Dara Khosrowshahi, the CEO of Expedia, confirmed in an interview that he plans to take the top job at the embattled ride-hailing company, according to the Wall Street Journal.
Khosrowshahi, who was offered the job by the company on Sunday, told reporters he still has to finalize the contract before moving ahead.
An earlier, less-direct confirmation of Khosrowshahi’s plans came on Monday, when Expedia’s billionaire chairman Barry Diller disclosed the 48-year-old exec’s talks with Uber in a memo to employees.
“Nothing has been yet finalized, but having extensively discussed this with Dara I believe it is his intention to accept,” Diller wrote in the memo, which was disclosed in a securities filing.
Analysts have estimated that Khosrowshahi could cost Uber as much as $200 million if they buy out his stock options from Expedia, according to Bloomberg.
The decision puts to an end the three-month search for a replacement to Travis Kalanick, who co-founded the company but also landed it in sexual harassment scandals, a costly legal battle with Google over trade secrets and government probes of allegations is has surveilled regulators and customers alike.

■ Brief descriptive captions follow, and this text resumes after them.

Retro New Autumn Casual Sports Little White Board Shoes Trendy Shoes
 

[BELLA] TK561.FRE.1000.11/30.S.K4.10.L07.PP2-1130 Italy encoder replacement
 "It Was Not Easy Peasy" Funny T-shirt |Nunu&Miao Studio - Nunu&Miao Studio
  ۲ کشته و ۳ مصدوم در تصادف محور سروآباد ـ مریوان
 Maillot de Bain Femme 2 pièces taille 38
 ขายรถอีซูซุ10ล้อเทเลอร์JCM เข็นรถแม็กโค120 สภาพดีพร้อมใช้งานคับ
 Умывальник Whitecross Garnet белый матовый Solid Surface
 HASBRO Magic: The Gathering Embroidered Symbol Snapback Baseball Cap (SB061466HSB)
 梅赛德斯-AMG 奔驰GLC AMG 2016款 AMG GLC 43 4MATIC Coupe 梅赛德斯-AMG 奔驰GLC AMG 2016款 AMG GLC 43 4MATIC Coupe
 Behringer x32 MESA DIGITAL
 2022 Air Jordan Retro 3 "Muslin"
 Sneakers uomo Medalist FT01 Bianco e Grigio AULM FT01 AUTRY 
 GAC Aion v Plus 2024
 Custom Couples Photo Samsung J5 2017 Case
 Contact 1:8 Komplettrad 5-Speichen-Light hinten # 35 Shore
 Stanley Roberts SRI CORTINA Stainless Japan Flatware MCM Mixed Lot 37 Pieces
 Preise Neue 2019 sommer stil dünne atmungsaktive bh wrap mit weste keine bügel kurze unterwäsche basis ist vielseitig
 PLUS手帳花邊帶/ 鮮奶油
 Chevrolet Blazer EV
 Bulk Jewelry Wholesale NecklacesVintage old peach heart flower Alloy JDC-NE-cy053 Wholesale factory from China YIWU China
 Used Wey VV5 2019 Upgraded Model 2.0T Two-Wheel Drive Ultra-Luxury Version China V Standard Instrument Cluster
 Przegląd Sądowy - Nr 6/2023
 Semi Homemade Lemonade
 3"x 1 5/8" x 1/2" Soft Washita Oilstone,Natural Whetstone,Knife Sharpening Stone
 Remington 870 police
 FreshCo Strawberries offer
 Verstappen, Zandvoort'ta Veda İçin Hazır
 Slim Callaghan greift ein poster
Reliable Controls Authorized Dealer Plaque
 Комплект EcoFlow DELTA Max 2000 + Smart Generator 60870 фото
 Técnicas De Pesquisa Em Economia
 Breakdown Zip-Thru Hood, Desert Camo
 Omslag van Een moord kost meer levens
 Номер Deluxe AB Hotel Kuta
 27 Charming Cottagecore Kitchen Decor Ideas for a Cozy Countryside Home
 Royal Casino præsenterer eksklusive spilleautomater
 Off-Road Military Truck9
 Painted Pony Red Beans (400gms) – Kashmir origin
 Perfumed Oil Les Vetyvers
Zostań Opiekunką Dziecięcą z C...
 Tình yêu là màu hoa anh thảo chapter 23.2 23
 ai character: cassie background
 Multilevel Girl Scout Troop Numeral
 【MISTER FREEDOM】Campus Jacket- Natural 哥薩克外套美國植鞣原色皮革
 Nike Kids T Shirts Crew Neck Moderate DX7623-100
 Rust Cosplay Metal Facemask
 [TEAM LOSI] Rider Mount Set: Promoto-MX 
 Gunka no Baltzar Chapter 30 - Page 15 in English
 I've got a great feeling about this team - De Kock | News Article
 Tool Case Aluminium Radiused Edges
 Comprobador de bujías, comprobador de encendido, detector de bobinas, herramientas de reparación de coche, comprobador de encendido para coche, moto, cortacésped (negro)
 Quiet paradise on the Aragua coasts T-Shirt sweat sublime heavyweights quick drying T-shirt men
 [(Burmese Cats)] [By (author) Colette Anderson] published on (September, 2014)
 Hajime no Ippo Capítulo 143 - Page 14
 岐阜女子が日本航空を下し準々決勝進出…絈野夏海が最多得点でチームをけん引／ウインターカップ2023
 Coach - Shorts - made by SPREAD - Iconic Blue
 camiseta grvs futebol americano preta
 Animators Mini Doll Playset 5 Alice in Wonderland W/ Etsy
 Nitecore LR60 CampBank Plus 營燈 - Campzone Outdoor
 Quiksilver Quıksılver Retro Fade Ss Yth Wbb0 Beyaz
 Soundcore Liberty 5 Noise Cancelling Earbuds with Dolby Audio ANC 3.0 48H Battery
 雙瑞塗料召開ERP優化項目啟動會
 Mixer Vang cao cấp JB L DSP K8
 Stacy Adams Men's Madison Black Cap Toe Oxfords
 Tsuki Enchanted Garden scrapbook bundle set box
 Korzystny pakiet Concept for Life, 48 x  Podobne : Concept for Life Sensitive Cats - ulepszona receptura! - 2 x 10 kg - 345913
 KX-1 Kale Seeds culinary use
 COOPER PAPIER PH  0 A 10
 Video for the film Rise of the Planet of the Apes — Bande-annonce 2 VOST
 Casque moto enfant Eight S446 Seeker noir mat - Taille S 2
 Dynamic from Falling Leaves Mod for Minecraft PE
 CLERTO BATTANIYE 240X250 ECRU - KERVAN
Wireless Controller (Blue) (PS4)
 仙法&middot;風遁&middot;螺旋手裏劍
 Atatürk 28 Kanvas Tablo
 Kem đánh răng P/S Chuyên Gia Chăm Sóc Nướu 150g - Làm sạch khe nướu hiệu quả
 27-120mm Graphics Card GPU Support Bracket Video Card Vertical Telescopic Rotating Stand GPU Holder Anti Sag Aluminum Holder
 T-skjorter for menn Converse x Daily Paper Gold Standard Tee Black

Since Kalanick was pushed out in June, the company has tried to clean up its act.
Earlier on Tuesday, Uber disabled a controversial feature in its app that tracked users’ location for five minutes after they exited a vehicle, months after customers initially voiced complaints about the practice.
The company had previously said they tracked customers in order to “to improve pickups, drop-offs, customer service, and to enhance safety.”
Uber will update its settings so users can opt out of being tracked after leaving a driver’s car, according to Reuters.
The company may still be able to track people after a ride has ended if customers still allow it to always collect their location data, however.